While interviewing Peggy at a Project ACORN learning session with students from two different schools, I was able to see just what these students are learning and how they are applying this knowledge. Understanding the environment and how it "works" is very important. These students are able to collect data from the environment and determine the overall health from their findings. In this learning session, the students were divided into small groups where the students from one school, who have been involved with the program for a while, were teaching the other students from the new school. One group talked about planting native plants and trees and used a high tech meter to perform soil analysis while discussing their results to determine what steps, if any, should be taken. Another group was testing the cloudiness of the water using a turbidity tube, and when asked why it is important to know this, their response was, "So we can know how much sun reaches the bottom of the body of water for the plants to get energy from the sun, and they can give out oxygen to the fish." One group was walking around observing plants and seeing how many insects they could find, another group was observing clouds and talking about climate change, and another group was using GPS receivers to find locations and discussing the effects of impervious surfaces in large cities where water, litter, etc. travels into drains and is carried right into the river which flows into the Gulf.
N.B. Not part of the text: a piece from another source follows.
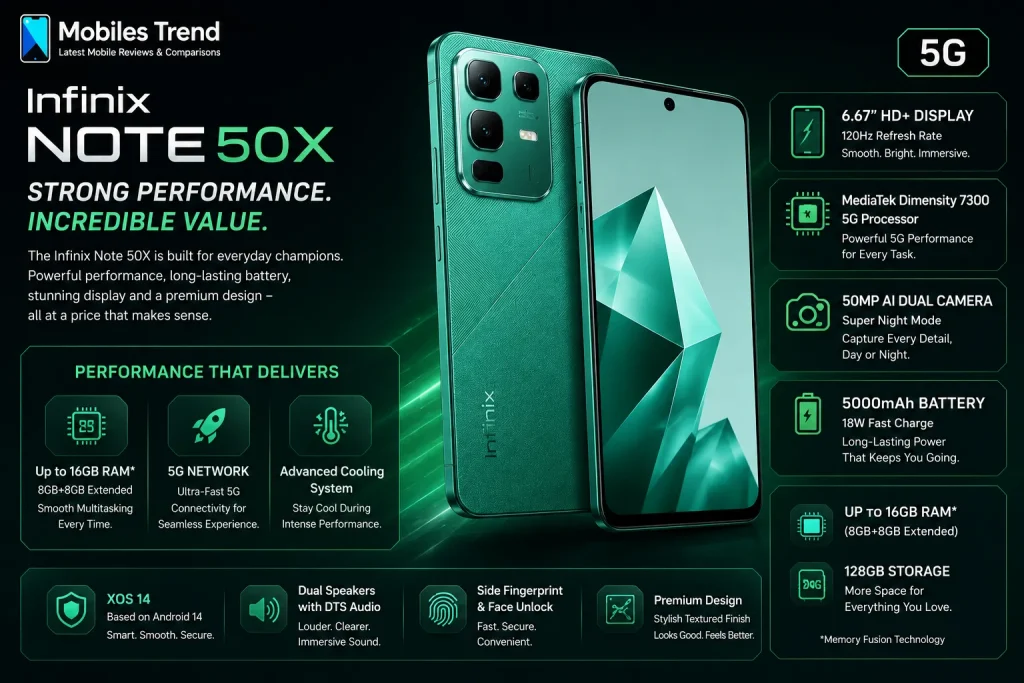 Infinix Note 50x 5G best phone for TikTok YouTube Pakistan 2026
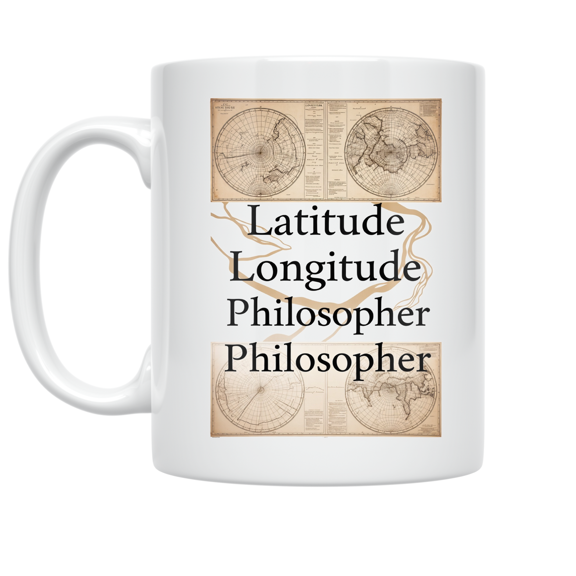 Latitude Longitude Philosopher Design - Nature Lover - 11 oz Ceramic Coffee Mug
Project ACORN is a great STEM program because it can be continued from year to year, plus it has proven to be good for all students. Peggy described one child with Asperger's Syndrome who has excelled with Project ACORN and has become a leader at his school. Not only for students, it is a learning for the whole community including landscape maintenance crews, developers, school systems, etc. For anyone interested in the efforts of Project ACORN and applying some of this to your local area, Peggy says the main thing for a science educator to know is what plants and trees are native to your local area. Knowing that, she says, the Project ACORN protocols are adaptable and can be applied to your local area by identifying and swapping out the native plants and trees. If you would like to know more about the protocols of Project ACORN, visit their website.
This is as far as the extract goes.